E a estratégia para reverter a revolução colorida foi a de usar sua própria tecnologia. Já desde os primeiros momentos os protestos da oposição tiveram respostas ainda contundentes nas ruas sendo as aglomerações pró-governo sempre maiores do que aquelas de seus oponentes.

A alta capacidade de disseminação de informação dos setores populares da Macedônia, desde os jornais tradicionais passando as redes sociais desempenhou funções de ordem objetiva e subjetivas no próprio desenvolvimento do processo politico. Ao passo que deixava claro as raízes teórico-políticas do fenômeno que afetava o país, demonstrando processos de ordem similar ao redor do mundo e explicando a conjuntura geopolítica da crise macedônia, também organizava a resistência na rua. E fez as duas coisas de maneira superior ao outro bando. Também foi central a capacidade de reportar a situação real do país ao exterior junto as redes de informação alternativas, que também foram cruciais. Com isso foi impedido escalonamento da narrativa desde o exterior, fundamental para o andamento do desafio politico sharpiano.

De forma resumida o sucesso da contrarrevolução Colorida, mais que nada, foi uma vitória na guerra informacional onde finalmente os amplos setores populares conseguiram imprimir vantagens.

Todavia o sucesso no cenário macedônio também é prenúncio de novos problemas no horizonte. As estratégias não-convencionais de dominação geopolítica possuem alta capacidade de adaptação frente aos cenários.

Não por caso vem à tona as recentes polêmicas em torno da influência de supostas notícias falsas na eleição estadunidense e a escandalosa resolução da União Europeia contra uma também suposta propaganda russa de descrédito das instituições do bloco dão sinal que o alerta vermelho do ocidente foi ligado num ponto que lhe é caro: a liberdade da imprensa. A imprensa alternativa aparece como um inimigo a ser desarmado.

Também as novas patentes do fenômeno começam a ficar evidentes. A queda do bando armado no início dos protestos, um erro estratégico, mais do que nada teve um valor simbólico. Por sorte tal fato deixou escancaradas as possibilidades da escalação do conflito ao publico o que por si só impediu que tal desdobramento ocorresse num segundo movimento. Mas novamente bandos armados altamente organizados entraram na equação, tal como na Ucrânia.

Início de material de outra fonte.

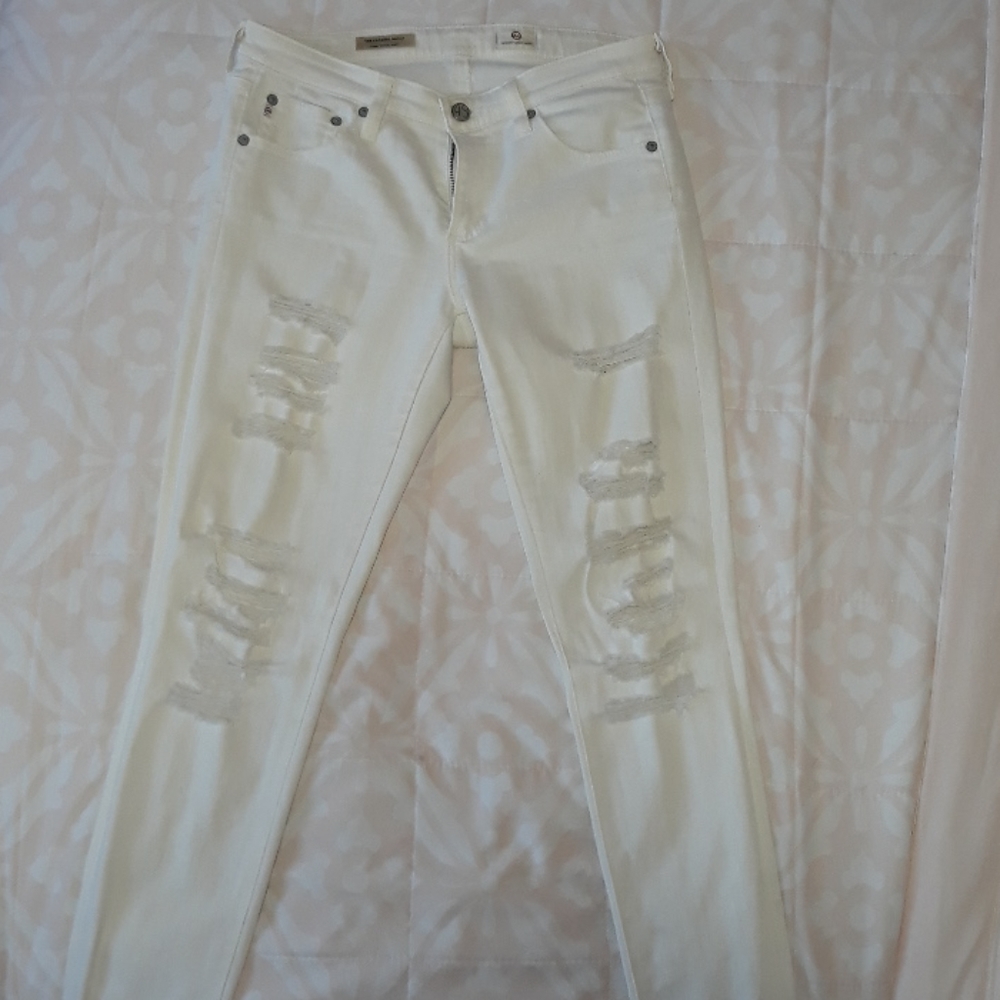 White Ripped AG Jeans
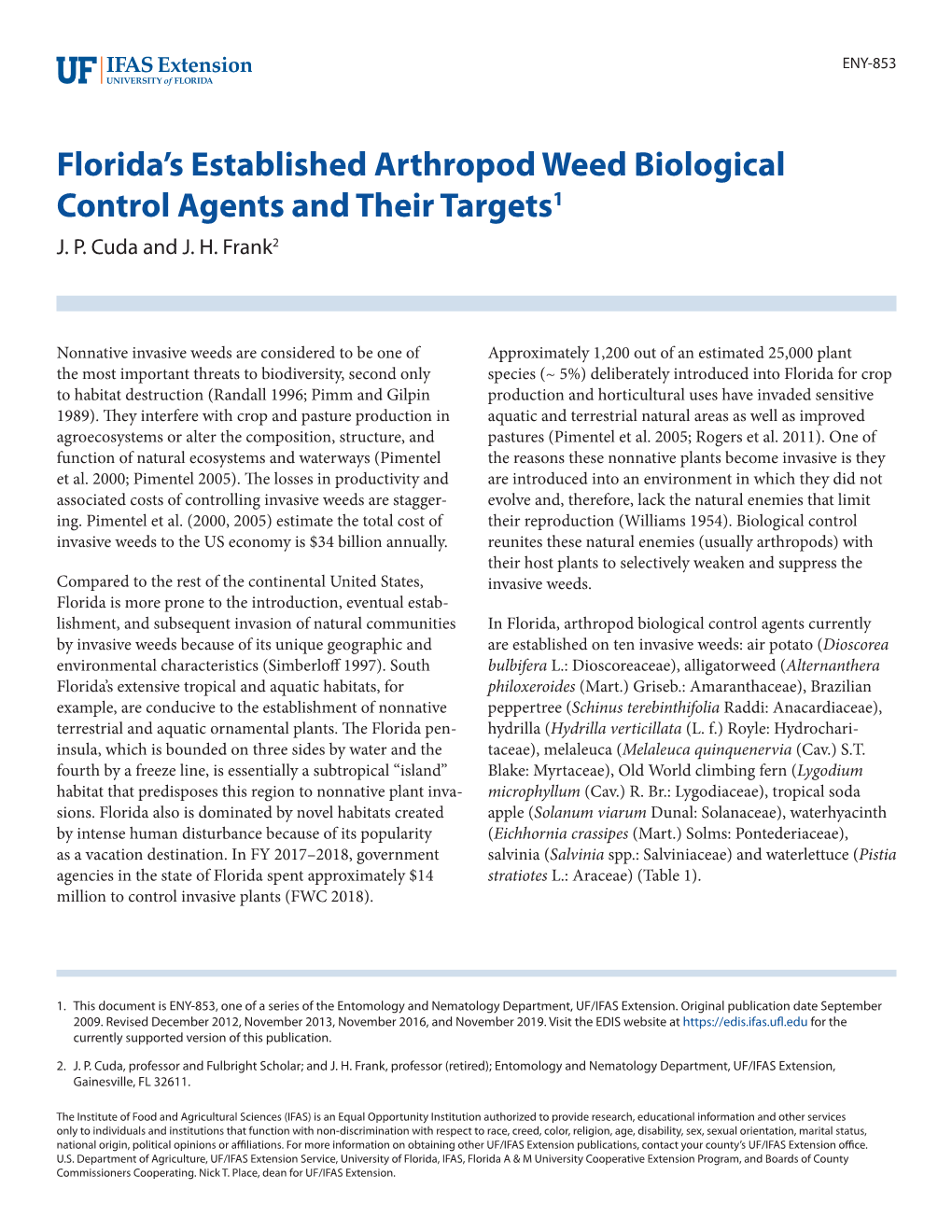 Florida's Established Arthropod Weed Biological Control Agents and Their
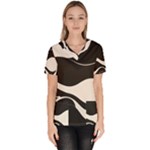 A Minimalist Pattern With Simple Lines And Shapes, Creating A Clean And Modern Aesthetic 06 Women s V-Neck Scrub Top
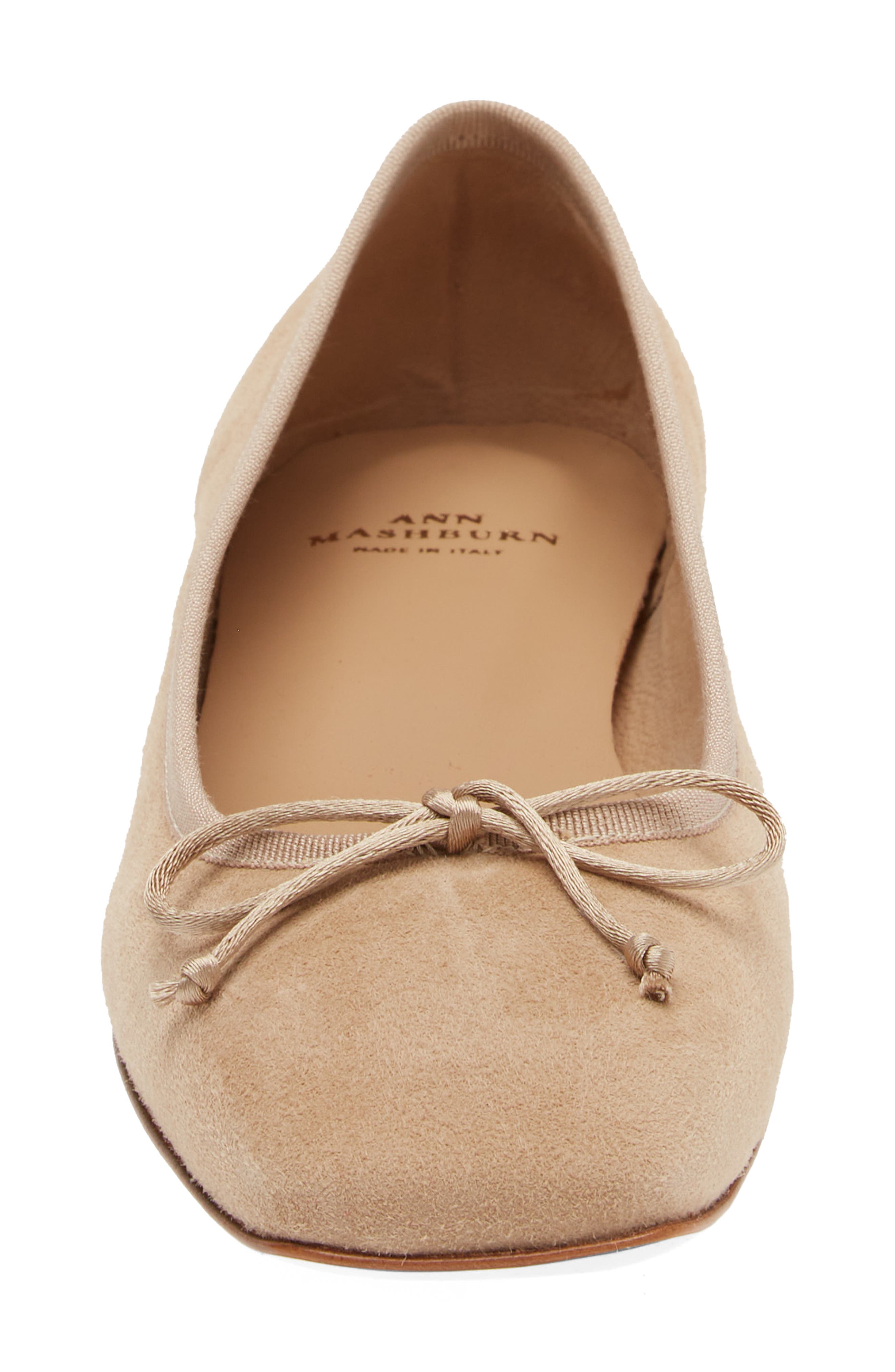Square Toe Ballet Flat, Alternate, color, CAMEL SUEDE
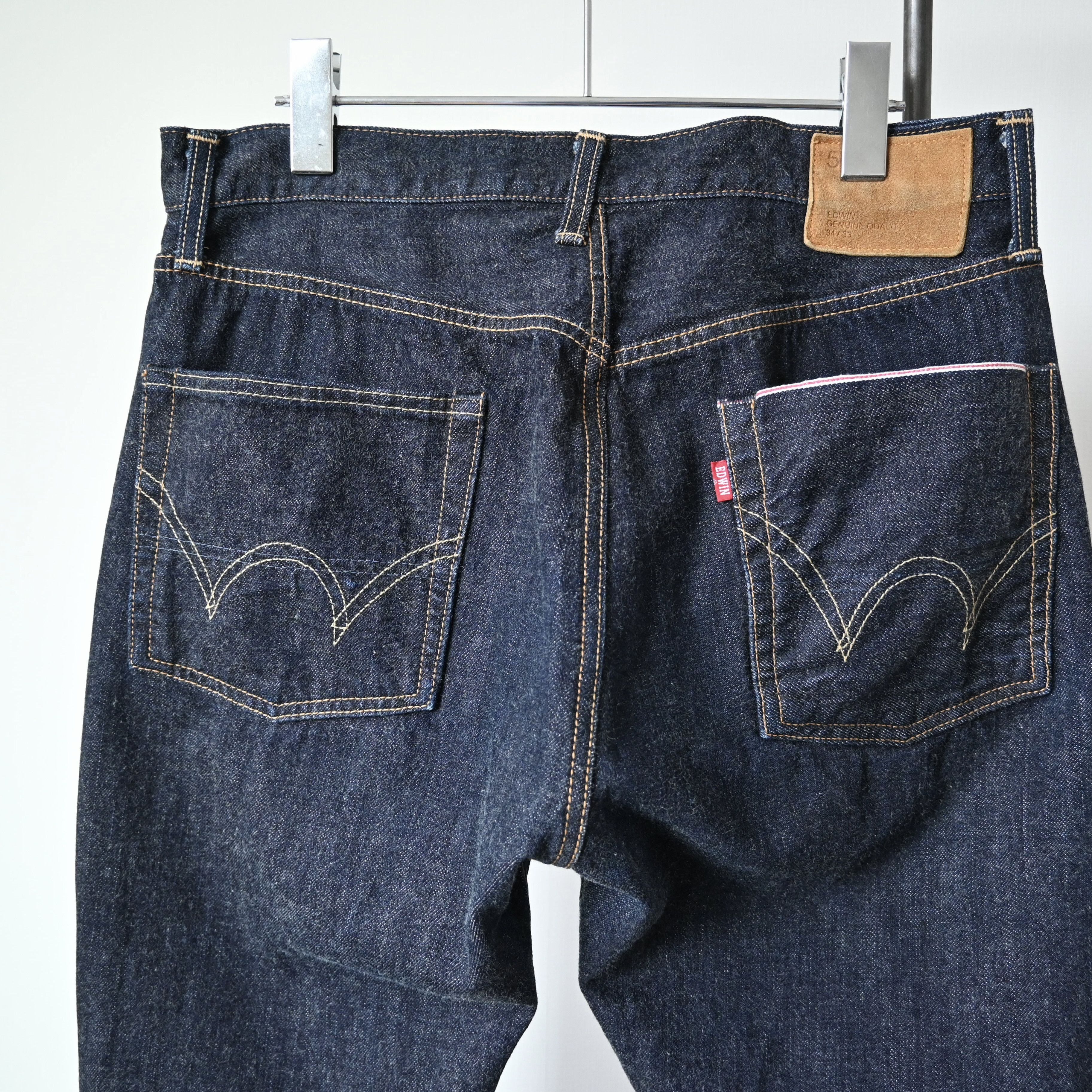 Edwin VTG 2000s EDWIN 505s dark indigo selvedged denim jeans Size US 33 - 3 Thumbnail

Onde a Revolução Colorida não consegue aceder ao poder ou materializá-lo na totalidade do território em disputa, se abre passo a conflagrações cada vez mais violentas que tendem a descambar em cenários de guerra civil, tal como no caso ucraniano. É a chamada Guerra Hibrida (KORYBKO, 2015), passo superior da Revolução Colorida que tem o mesmo fim geral: derrotar a oposição, tomar o poder e realinhar as politicas do país.

Ao mesmo tempo que o cenário macedônio traz ensinamentos valiosos para a batalha geopolítica, suas lições serão utilizadas num já num fenômeno de ordem mais complexa e renovado.

Referências:

KORYBKO, A. Hybrid wars: The indirect adaptive approach to regime change. Moscou, Peoples’ Friendship University of Russia; 2015.

MEYSSAN, Thierry. Falha golpe dos EUA na Macedónia. Disponível em: <http://www.voltairenet.org/article187585.html>.Acesso em: 10 nov. 2016.

SHARP, G. “Da Ditadura À Democracia: Uma Estrutura Conceitual para a Libertação”; The Alber Einsten Institute; Boston; 2010.